I’m in the same boat as the other people who have expressed interest in C’brook’s program. I’m also without an undergrad degree in design but looking into 2D there. Thanks for the link to the thesis work. Not knowing people’s majors there, it’s so hard to tell what people went there for. Is that good? I don’t know. New Pratt Kid, thank you for your thoughts. I’ve been thinking much the same stuff lately. It seems like the disciplines are conflating, and the line between art and design is getting so blurred that I’m not even sure it exists anymore. What am I saying, if I referred to it, then of course it exists. My point is simply that things are complicated, which makes it an exciting time to contemplate grad school. I’m hungry for something different, something new. I want to be one of those people on the scary egde of things. Are there any current students or recent alumni who can tell me more about the department?!?
It is true that the line between art and design is becoming very blurry. If you can get a interview with Elliot I would highly suggest giving Cranbrook a strong lookif thats what your interested in. However, not to be Cliché but you need to visit the schools. If you decide to visit Cranbrook, they will give you a room to stay in and access to crits and events of any department. Everything is very open and a visit would definitely answer any questions about what the hell goes on here. The joke at Cranbrook is came in as an Architect left as a painter. People are expected to follow there passions and develop a point of view and POV is something than can be critiqued no matter what department your in.
There was a quote we had written on the chalk board in the 2d/3d design department, “Dare to be a flamboyant failure” from Malcolm McCallum. I think this says a lot about what goes on here at Cranbrook.
Heres a link to our Graduate Show gallery
Guest, thanks for that. In fact, it’s a bit troublesome to me. The one thing that worries me A LOT is what kind of position a degree from Cranbrook would put me in. Remember, I don’t have the professional undergrad degree, and as much as I admire Cranbrook and the work of many of the alumni, I worry that this degree won’t pull professional rank either. I have to seem overly practical about school, but this is definitely an issue for me, even though I try to focus on experimenting in my work and just growing creatively. Any thoughts on that?
My bad its Malcolm McLaren. Had a few drinks last night.

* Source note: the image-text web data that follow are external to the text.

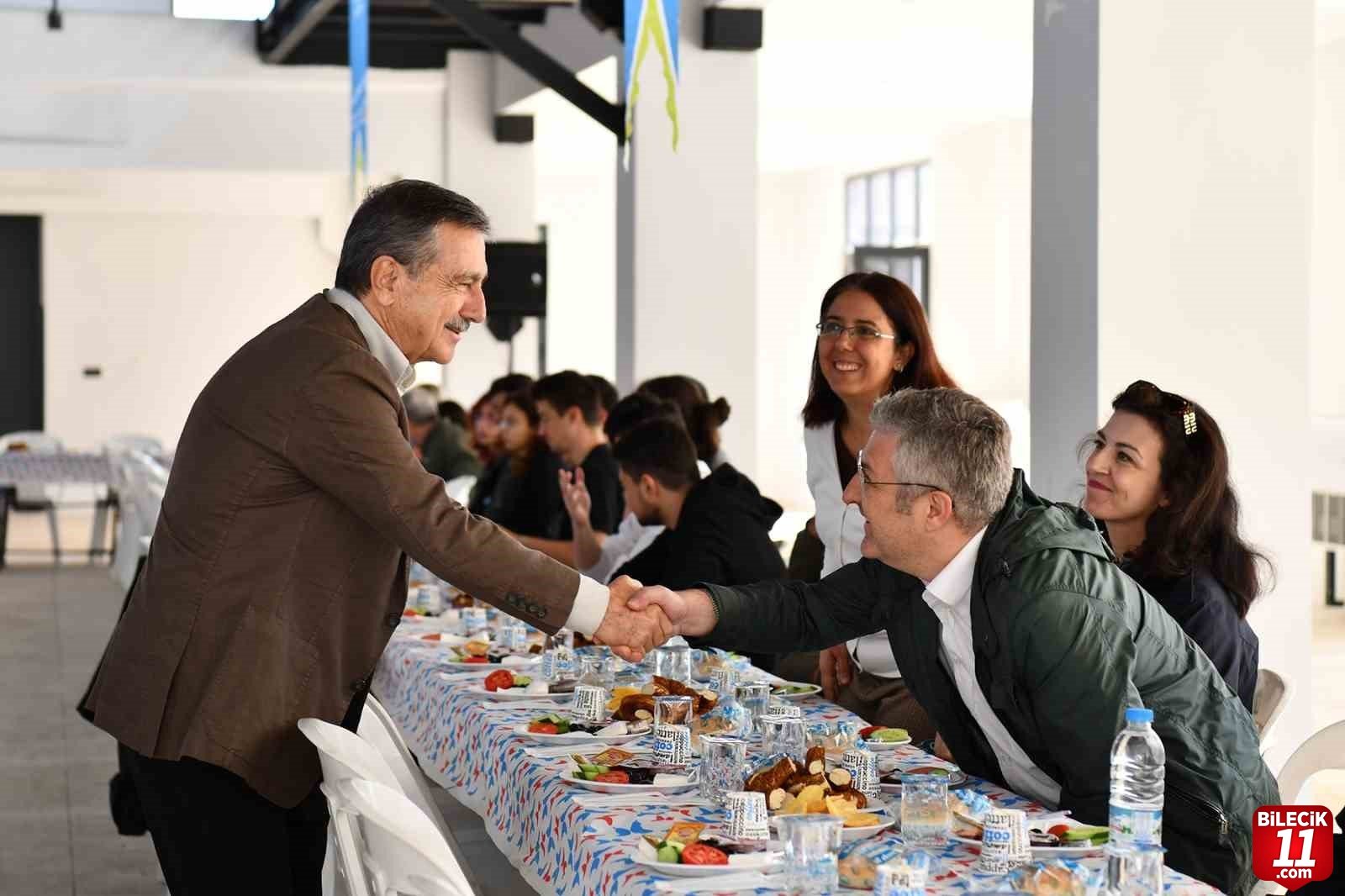 bilecik-haber_baskan-atac-esogu-ucak-muhendisligi-bolumu-ogrencileri-ile-bir-araya-geldi-59307.jpg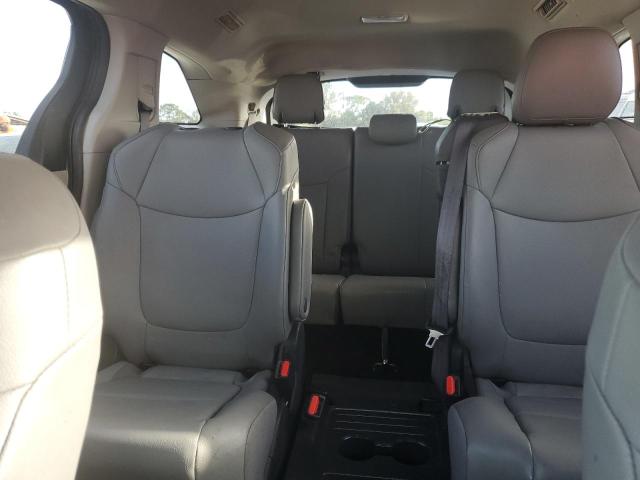 Photo 9 VIN: 5TDYRKEC6RS187875 - TOYOTA SIENNA XLE 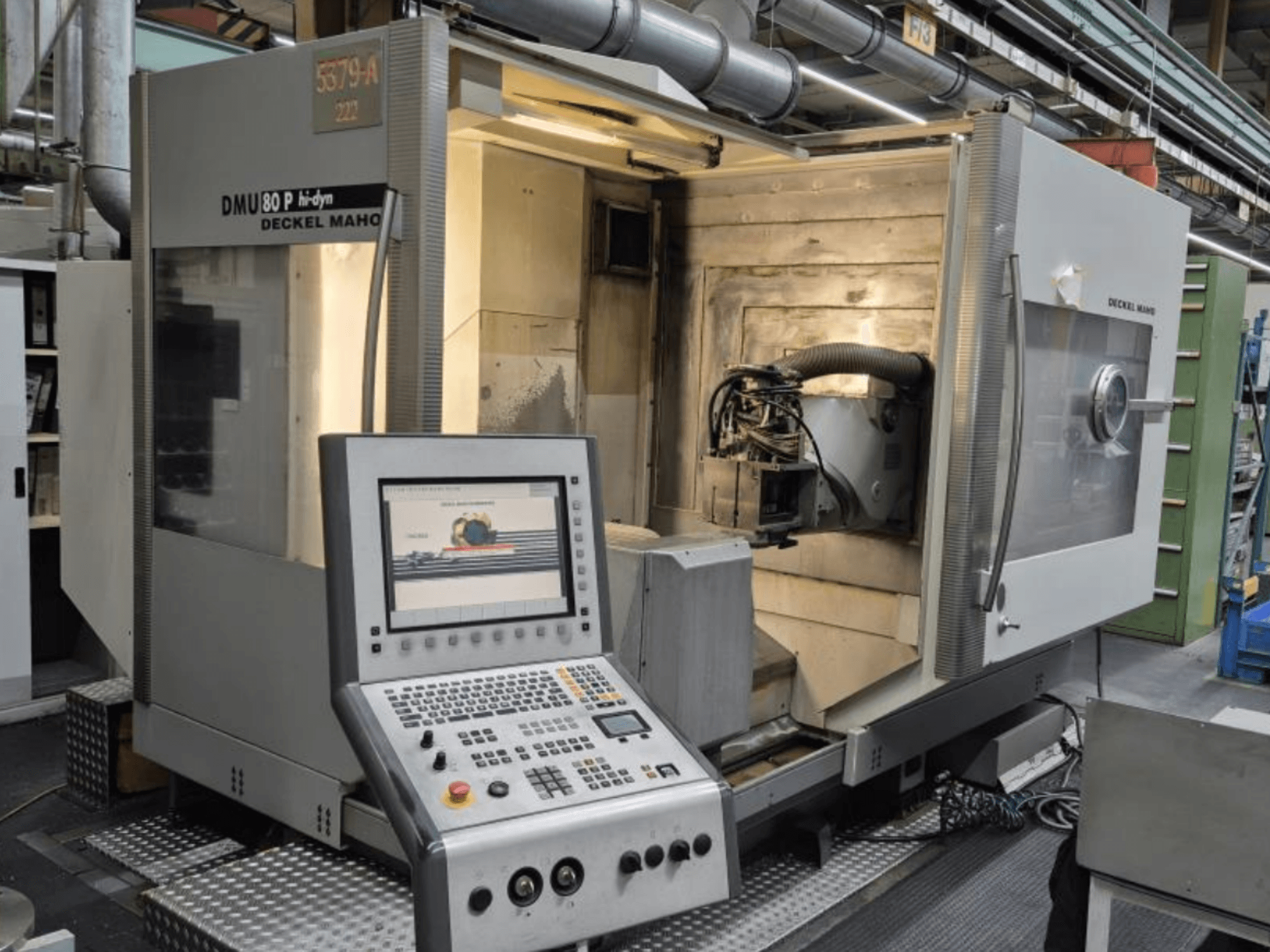 Universal-Bearbeitungszentrum DECKEL MAHO DMU 80P hi-dyn, Frontansicht mit Bedienfeld und Arbeitsraum.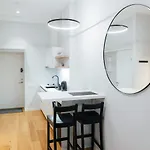 Quiet Loft , Ac, Workspace, Location, Old Town Apartment Riga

well, i think this wannabe student hit the nail on the head about actual credentials. i mean, great, you can get your fancy-ass degree but, for someone without a prior graphic desgn degree or prior big-time work experience, could it possibly mean much? don’t get me wrong, i absolutely adore and faithfully follow the work coming out of cranbrook, but i have to wonder about what happens to those rock-stars-in-the-making once get they graduate. maybe someone from cranbrook could provide some answesr?